### WORK ORDER
All lines below must be repeated exactly, with the pictures omitted.

Short web captions
- - -

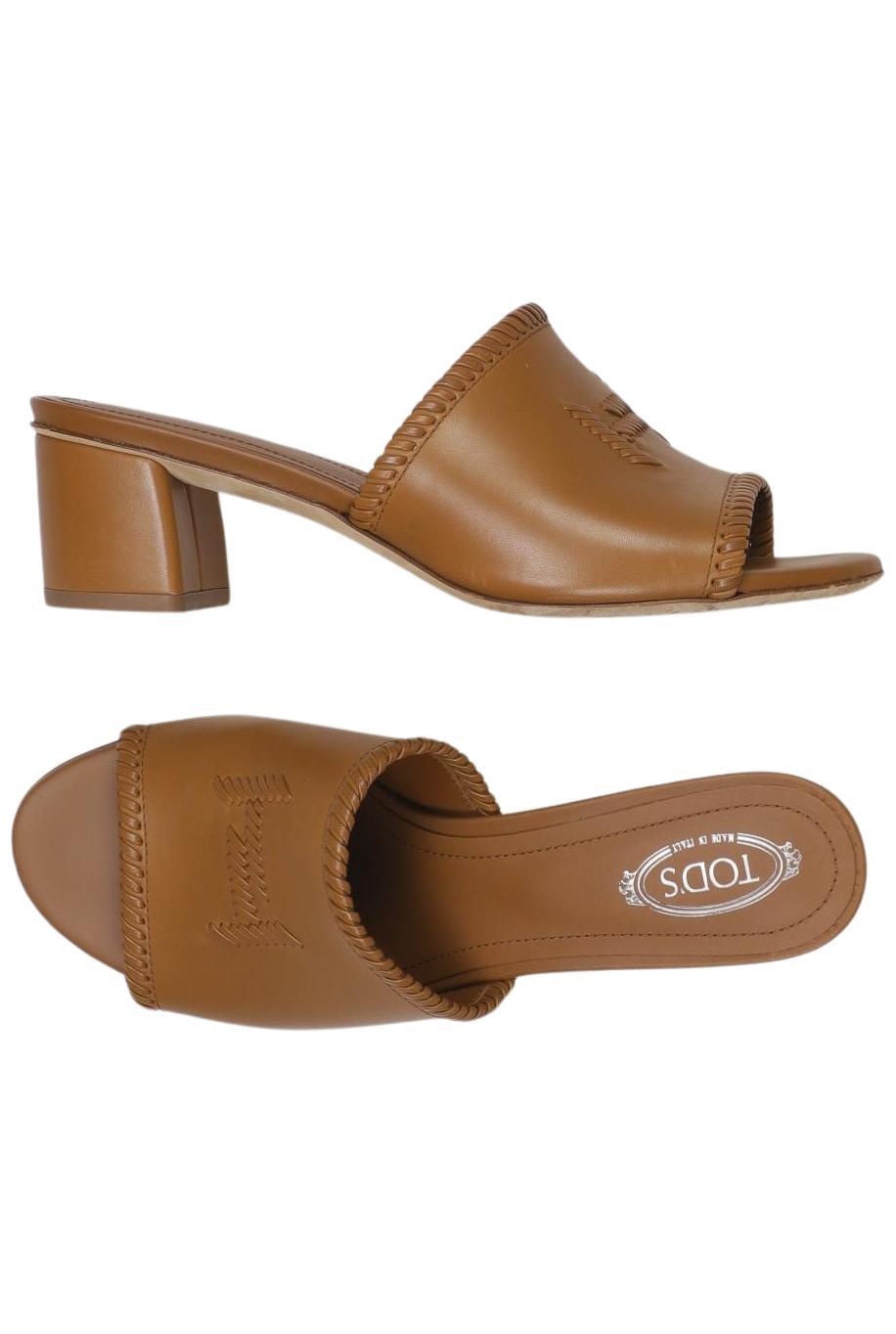 Tod's Women's Sandals Brown EU 37 Leather 2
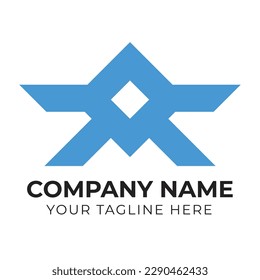 Corporate Creative Modern Abstract Business XMV Letter Logo Design Template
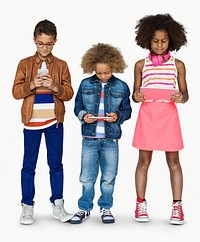 Kids using their digital devices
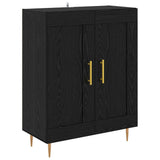 Highboard 2 pcs Black Oak Engineered Wood 3416272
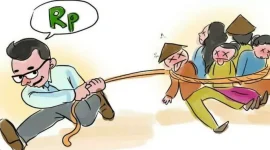 Ilustrasi Rentenir menjerat rakyat miskin 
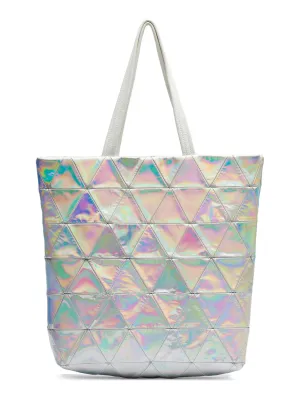 Mirror Triangle Patchwork Tote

- - -

### COMPLETED TASK
 Tod's Women's Sandals Brown EU 37 Leather 2
 Corporate Creative Modern Abstract Business XMV Letter Logo Design Template
 Kids using their digital devices
 Highboard 2 pcs Black Oak Engineered Wood 3416272
 Ilustrasi Rentenir menjerat rakyat miskin 
 Mirror Triangle Patchwork Tote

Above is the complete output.